= What is required =
Where a picture appears, skip it and copy everything else in the listing exactly.

= Information supplied =
-- Opening Marker --

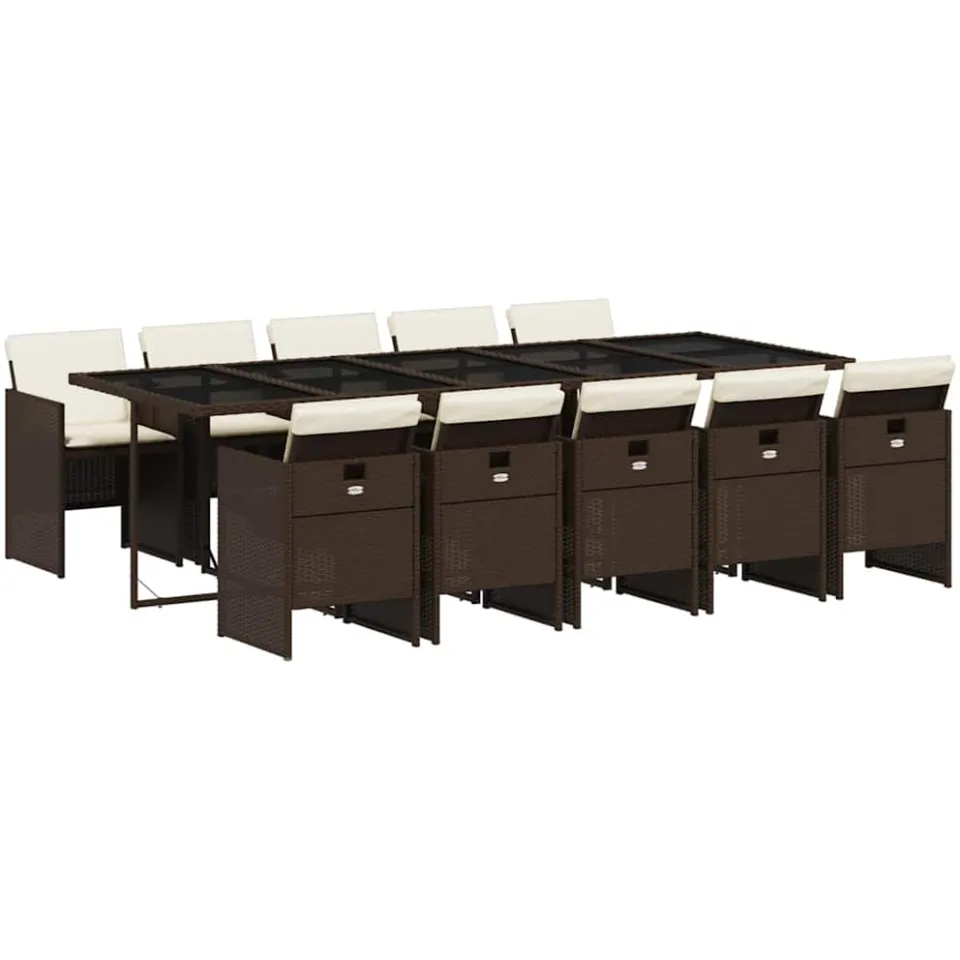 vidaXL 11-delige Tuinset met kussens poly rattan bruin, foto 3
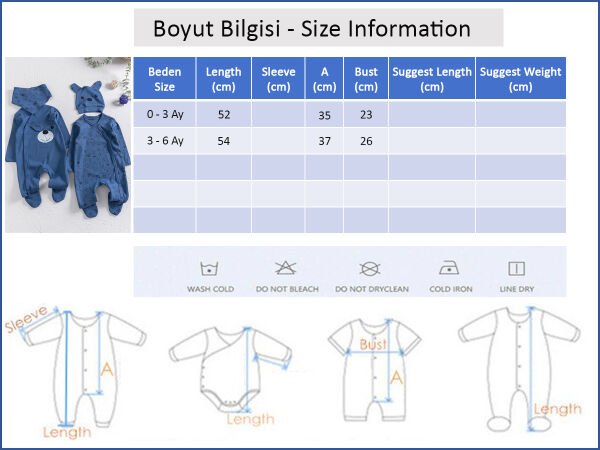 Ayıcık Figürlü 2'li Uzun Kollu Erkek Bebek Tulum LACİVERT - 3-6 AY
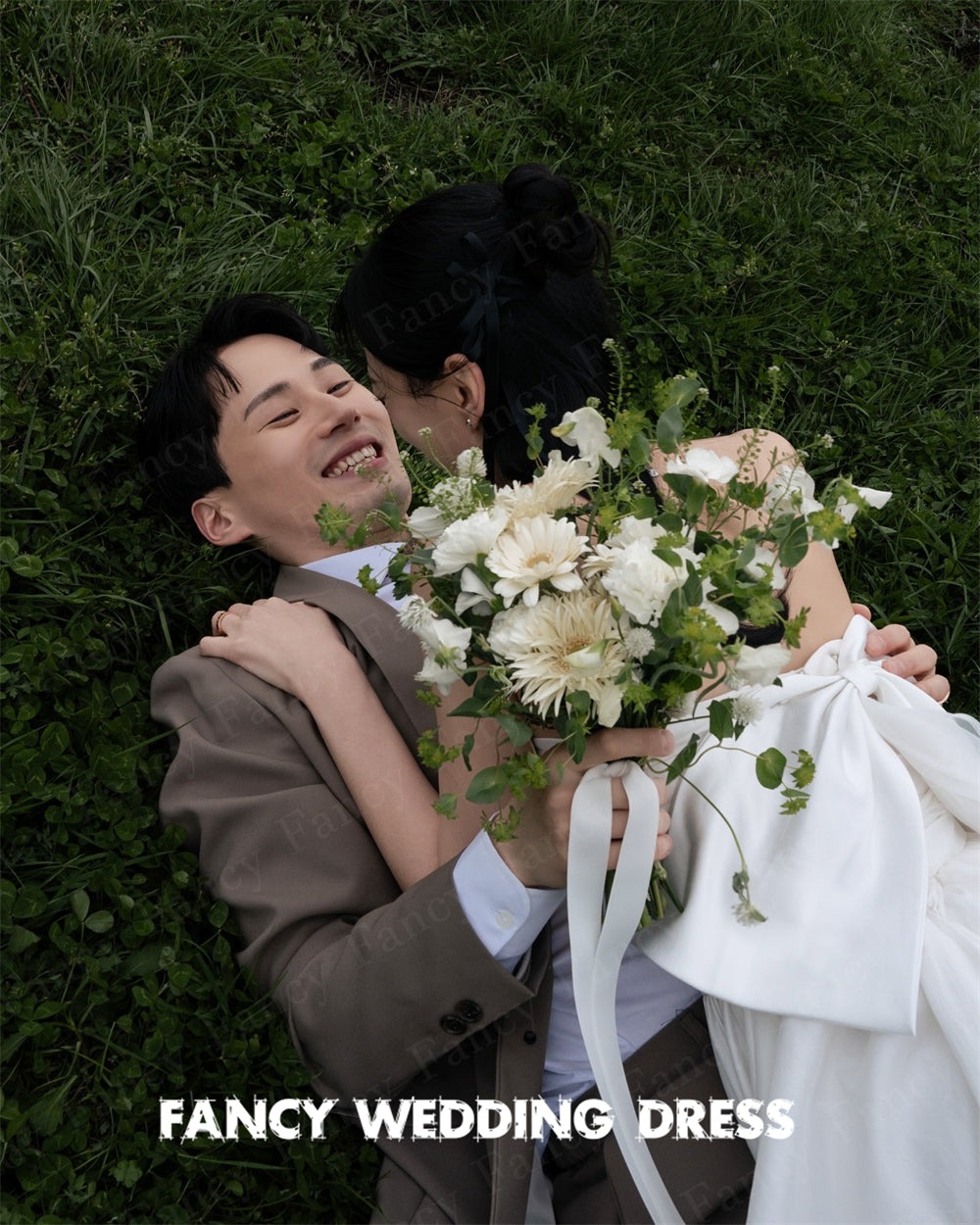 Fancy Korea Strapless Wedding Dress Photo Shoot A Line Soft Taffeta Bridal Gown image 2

-- Closing Marker --

= Exercise solution =
 vidaXL 11-delige Tuinset met kussens poly rattan bruin, foto 3
 Ayıcık Figürlü 2'li Uzun Kollu Erkek Bebek Tulum LACİVERT - 3-6 AY
 Fancy Korea Strapless Wedding Dress Photo Shoot A Line Soft Taffeta Bridal Gown image 2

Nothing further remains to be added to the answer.